One night we stayed in a remote hillside hamlet consisting of two tiny, almost bare woven huts where a middle-aged man lived with his two largely silent wives. As darkness fell and the rains came once again, the temperatures dropped dramatically and we were grateful to be given space to sleep by the smoking fire. We shared our food with the family and in turn they offered us what tasted like cooked meat from the hearth, although what we were eating was impossible to see. When we were packing up in the morning, I asked one of the guides if we should give them anything to say thank you.

‘Do you have any shoes?'

Sporting a pair of Julian's old sandals, our host gave us a rousing farewell. I could hear his long cries echoing down the mountain as we slowly made our way towards the coast.

Filthy, tired and damp, we ploughed on until we reached the bottom of the Ramu Valley. There was little point in looking back to see how far we'd come – the forest was so dense. We then made our way by road to the northern coastal town of Madang, where Nina and George were waiting for us at a beach resort, and spent three heavenly days swimming in the pristine ocean and recovering from the trek. It was now only a matter of weeks before we would ship all our possessions back to Australia and begin another life.

•••

Sadness washed through me as we packed up the house and gradually said goodbye to all our friends.

•••

The moment I dreaded most was leaving Nina. Her loving constancy and good humour were qualities I had come to rely on to lift me during my darker days, and I wondered how George would grieve for her when he realised the finality of our departure. Having been such a powerful presence in Julian's family for more than twenty years, I knew our departure weighed heavily upon Nina and as the time grew
closer, neither of us could speak about our uncertain futures without tears

On one of our first ‘dates', Julian and I had decided to see a play at the University of Papua New Guinea Arts Theatre on the other side of town. When we eventually arrived on the dimly lit campus, I began to have second thoughts about the wisdom of our venture. We slowly cruised around looking for lights that might suggest a performance, but after ten minutes it was clear that we had got the day wrong.

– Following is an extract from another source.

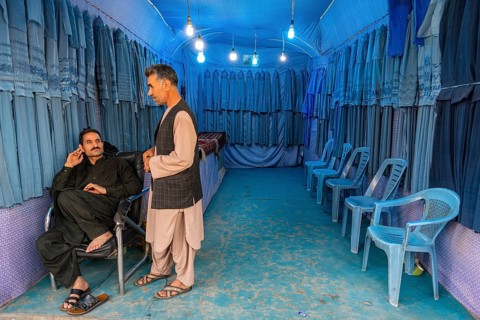 Men in their Burqa shop in Herat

Slowing down outside an open shed, I noticed the partially carved figure of a life-sized woman with a child in her arms.

‘Look at that,' I said. ‘It's beautiful.'

I was haunted by that statue for many months, and when I knew we would be leaving, I decided to go back and see if the carvers working at the university could make me something similar – out of all the PNG artefacts I had ever seen, this one had really captivated me.

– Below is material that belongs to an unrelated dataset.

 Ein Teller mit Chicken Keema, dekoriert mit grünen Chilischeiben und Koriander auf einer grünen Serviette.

When I returned to the campus, I was amazed to find that the half-finished statue was still in exactly the same place. Talking to the men working there, I was told that the student who had been carving it had died midway through the process and out of respect for him and his wife it had been left as it was.

‘It's Jesus and his mother Mary,' one of them said. ‘If you want us to finish it we will have to speak to his widow.'

So began several weeks of protracted negotiations as the carver's widow, Elizabeth, decided how much she wanted us to pay and, more importantly, who should finish her late husband's work.

The arrival of Mary and Jesus a few days before the removalists came felt like the completion of a circle. Standing on a round plinth, soaked with oil, her wooden hair slightly blackened with a pig's tooth, Mary gazed down adoringly at a rather odd-looking Jesus with a long neck and an old man's face.

There was something in her lowered gaze that immediately drew me in, a quiet sense of strength and endurance, the deep confidence of a mother's devotion. From the moment it arrived, this statue was never just an object; for me it was the face of unconditional love and perseverance, an embodiment of Nina which meant her presence would always be with us.

COMING HOME

That brighter field, lit by an unseen sun

Draws my soul like breath floating

From my lips in the soft morning light.

Above me, the bending, naked trees

Yearn towards the darkening skies.

A dark bird hovers, and is gone.

Still the bright field remains

Bathed in a glowing light,

An illumined space,

Graced in its own being.

This moment will surely pass.

It cannot hold against

Life's tightrope.

13

I surrender into the day's embrace and let

it teach me what I need to learn.

By the time we moved into a rented house outside Bowral about nine months after his diagnosis, Julian was still in good health. Though determined, myeloma was a relatively slow-moving cancer – medical advice suggested that, with some intervention, Julian could live for many years. He immediately began to look for legal work to immerse himself in.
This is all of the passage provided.